# Not Sure How I Did This...



## Dean_Gretsch (Aug 29, 2017)

...but somehow I got an incredibly small area of focus in this. What went wrong?

1


----------



## BrentC (Aug 29, 2017)

My guess is motion blur.  1/200 can be too slow for bees.


----------



## ZombiesniperJr (Aug 29, 2017)

BrentC said:


> My guess is motion blur.  1/200 can be too slow for bees.


How did you see the exif?


----------



## Dean_Gretsch (Aug 29, 2017)

BrentC said:


> My guess is motion blur.  1/200 can be too slow for bees.



And this one at 1/800 Brent? Still too slow?


----------



## BrentC (Aug 29, 2017)

Dean_Gretsch said:


> BrentC said:
> 
> 
> > My guess is motion blur.  1/200 can be too slow for bees.
> ...




That one is not enough dof.


----------



## snowbear (Aug 29, 2017)

Yeah, #2 is DoF, though the rear wing veins look to be in focus on the first one.  AF or manual focus and what aperture?


----------



## Dean_Gretsch (Aug 29, 2017)

Second was 1/800 sec. f/4.5 34mm Auto and first was 1/200 sec. f/16 35mm Auto.


----------



## snowbear (Aug 29, 2017)

f/4.5 with that magnification got you - remember that higher magnification decreases the DoF.  I guess the first one is movement.  Maybe practice on a stack of coins.


----------



## Dean_Gretsch (Aug 29, 2017)

Thank you very much! I have been looking for a reason for some numismatic pics!


----------



## 480sparky (Aug 29, 2017)

ZombiesniperJr said:


> BrentC said:
> 
> 
> > My guess is motion blur.  1/200 can be too slow for bees.
> ...



There's add-ons for many browsers that allow you to view the exif.


----------



## SquarePeg (Aug 29, 2017)

I can see it if I just mouse over the photo.  Is that an add on?


----------



## 480sparky (Aug 29, 2017)

SquarePeg said:


> I can see it if I just mouse over the photo.  Is that an add on?



I think that's a function of the forum software that works with some browsers.


----------



## Dean_Gretsch (Aug 29, 2017)

Hmmm...apparently Google Chrome isn't one.


----------



## snowbear (Aug 29, 2017)

I've tried two EXIF viewers on Chrome and neither one will work here.  I might have to go back to Firefox, just because.


----------



## BrentC (Aug 29, 2017)

I use chrome and use the 'send to Exif Viewer' add-on.   Works great.   Won't work with flickr bbcode images, well it will work but the exif has been replaced.


----------



## snowbear (Aug 29, 2017)

I found one for Firefox.  For the Flickr, as long as the link to the hosted image works, you can usually get exif there unless the user has turned it off.


----------



## Derrel (Aug 29, 2017)

snowbear said:


> f/4.5 with that magnification got you - remember that higher magnification decreases the DoF.  I guess the first one is movement.  Maybe practice on a stack of coins.

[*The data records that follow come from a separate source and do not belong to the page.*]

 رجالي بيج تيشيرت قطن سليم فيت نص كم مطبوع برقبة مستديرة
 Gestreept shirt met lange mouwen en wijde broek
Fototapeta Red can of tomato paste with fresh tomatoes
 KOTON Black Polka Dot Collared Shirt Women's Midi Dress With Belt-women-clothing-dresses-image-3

That is my read on it as well...high magnification means shallow depth of field on such a subject as a bee at close distance, and it does look like motion blurring to me on the bee; note that the flower seems pretty sharp, not blurred, since it was not moving.


----------



## snowbear (Aug 29, 2017)

Derrel said:


> snowbear said:
> 
> 
> > f/4.5 with that magnification got you - remember that higher magnification decreases the DoF.  I guess the first one is movement.  Maybe practice on a stack of coins.
> ...



But, at least to me, the black veins/lines on the back wing (bee-left) look in focus on that first shot.  Maybe my new eyes are just playing tricks on me.


----------



## SquarePeg (Aug 29, 2017)

480sparky said:


> SquarePeg said:
> 
> 
> > I can see it if I just mouse over the photo.  Is that an add on?
> ...



Cool.



Dean_Gretsch said:


> Hmmm...apparently Google Chrome isn't one.

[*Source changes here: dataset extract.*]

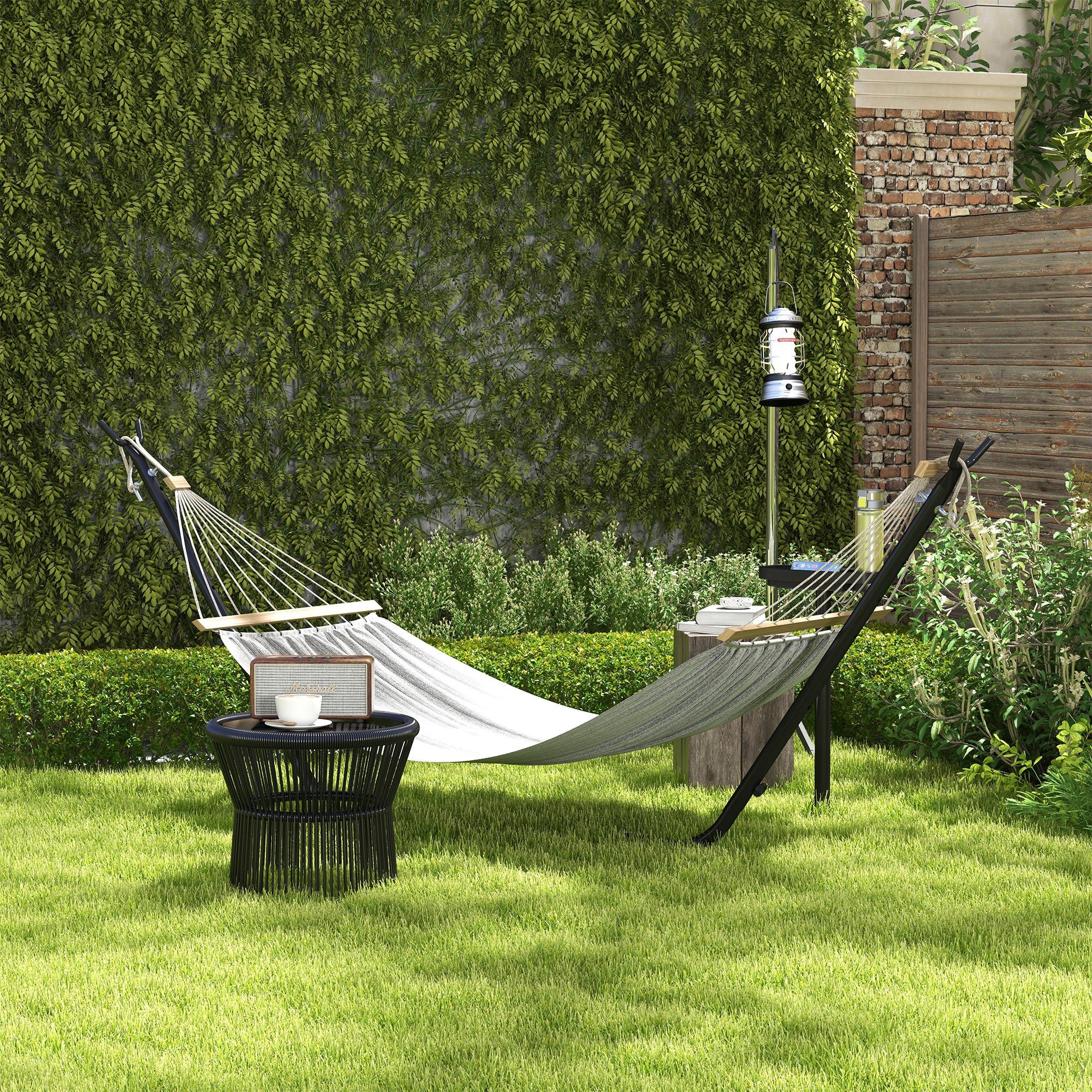 Outsunny Hammock Stand with Side Tray, Steel Frame Hammock Stand, Black - Image 2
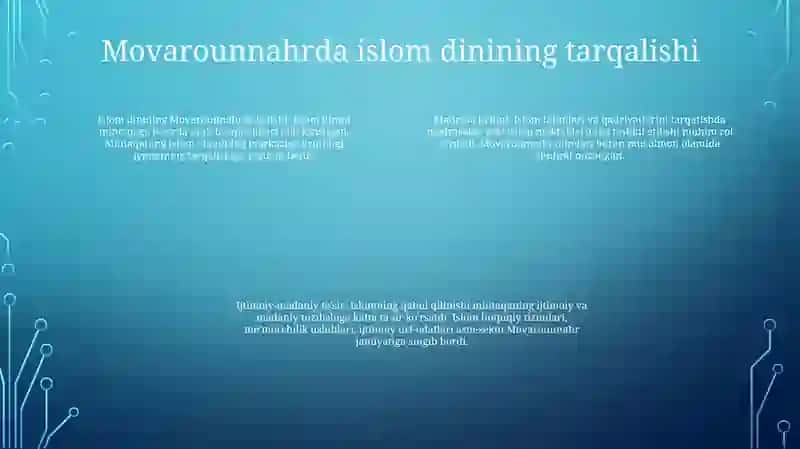 Movaronunnahrda Islom Dining Tarqalishi Va Madrasa Talimi Shakillanishining Ijtimoyi Madaniy Hayotga Tasiri 3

I'm using Chrome.  It's possible that at some point I downloaded or added some type of EXIF reader extension...  I'm pretty much winging it when it comes to all things internet.


----------



## Derrel (Aug 29, 2017)

snowbear said:
			
		

> But, at least to me, the black veins/lines on the back wing (bee-left) look in focus on that first shot.  Maybe my new eyes are just playing tricks on me.



Yes, the wing and veins ARE in-focus...but the DOF is insuficient to cover the other parts of the bee. As you can see, the closer wing is out of focus. The cilia on the middle of the bee near the far wing is sharpish. Your eyes are not playing any tricks...f/4.5 on a bee close-up, single-frame shot, will almost always have way too little DOF to get the whole bee in-focus.

I'd usually think about shooting at like f/13 or f/16, with flash, to get something that small and fast and that close-up in focus, or mostly in-focus


----------



## Dean_Gretsch (Aug 30, 2017)

SquarePeg said:


> 480sparky said:
> 
> 
> > SquarePeg said:
> ...



Thanks! I just added an extension that works here when I mouse over too.
Thanks to _*ALL*_ of you for your great hints and tips. You guys and gals are the best!


----------



## SquarePeg (Aug 30, 2017)

Dean_Gretsch said:


> SquarePeg said:
> 
> 
> > 480sparky said:
> ...



Absolutely hilarious that I must have somehow downloaded the extension and never realized it was working until today, lol.


----------